12 Tips to Keep Your To-Do List Short but Useful

Written by Francisco Sáez

1. Don’t be afraid to use the trash can

It is clear that, in order to have the security and peace of mind that you are not forgetting anything, you must somehow capture everything that comes to your mind. But that doesn’t mean that everything you capture is necessary, interesting or actionable.

When you are processing the material you have collected, ask yourself if it is really something you need in your life or work, and if you want to make a commitment to it. If in doubt, garbage can it! If it turns out that in the end it was something you did have to do, it will come back to you later, in a more obvious way.

Don’t accumulate meaningless tasks.

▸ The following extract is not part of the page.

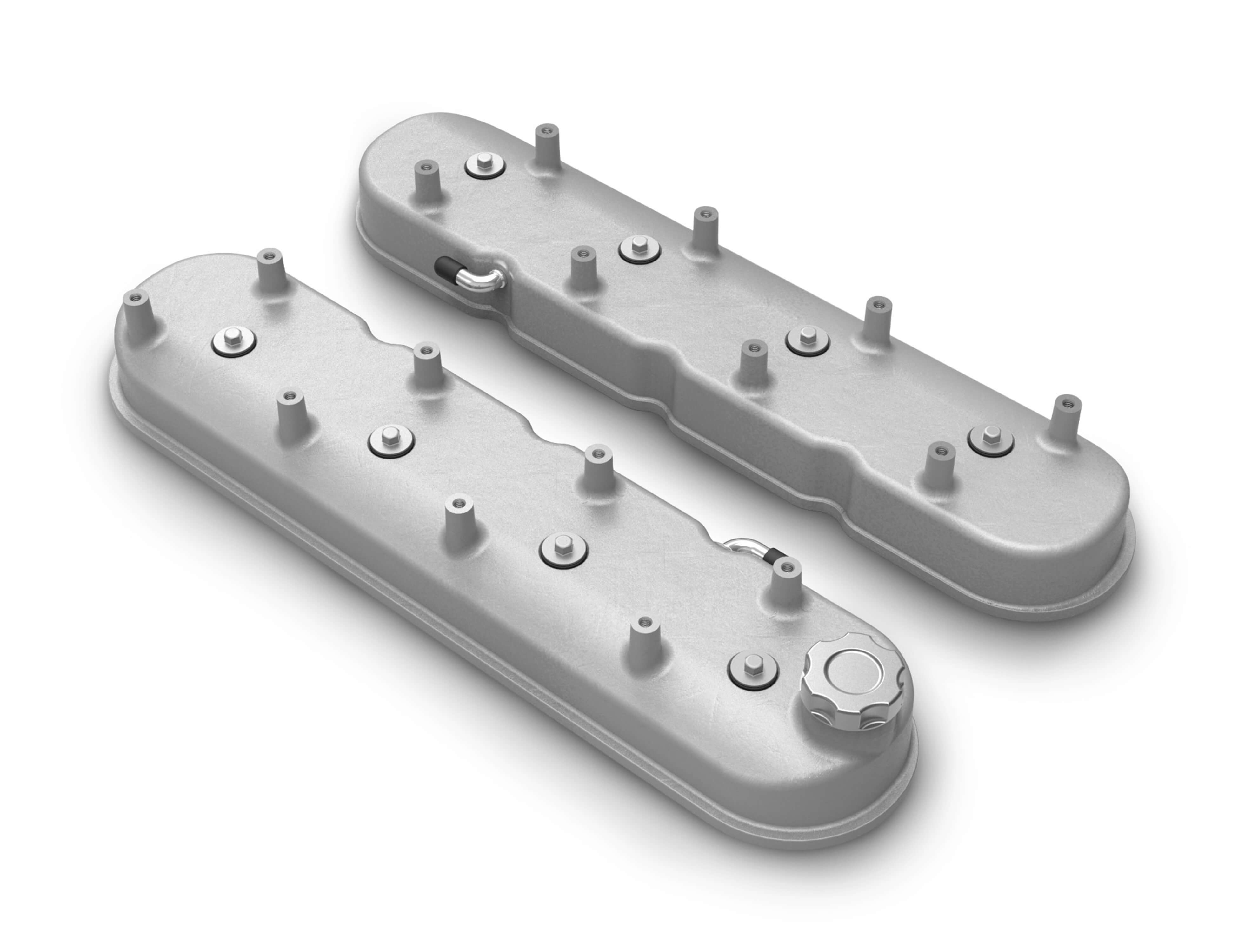 Holley Tall Cast Aluminum Valve Cover Set for Chevrolet Gen III IV LS Engines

When you review your next action list and see tasks that have been there forever, rethink the need for them. Use the trash can often.

2. Use a different list for actions you have not committed to.

There are always tasks listed that you have not yet fully committed to doing. If you include them all in the same list, they will distract you from what you really have to do. Move those tasks that you still don’t know if you are going to do or not, to a list of “uncommitted” actions (If you practice GTD, that list is the Someday/Maybe list).

Review this list weekly. If something no longer makes sense, delete it. If you have made a commitment—internal or external—to perform any of the actions on it, move them to your to-do list.

3. You don’t need to keep all the actions of a project on display.

You may have already realized that in order to achieve a certain commitment, you must take several actions. Let’s call that set of actions that will lead you to achieve a desired outcome a project. Since you probably won’t be able to do all the actions of a project at once, it doesn’t make sense to have them all on your list of next actions. They generate too much noise.

You only need to include in your task list the first task of each project (in some cases, there may be several tasks that can be done at the same time). When you have done this, delete it and add the next achievable task of the project, indicating to which project it belongs. Logically, this implies having an additional list of projects.

4. Live in the present

Surely, a good part of your next actions, although already committed, do not need to be executed for a few weeks, or even months. These future actions also add unnecessary noise to your action list, so you should hide them for the time being.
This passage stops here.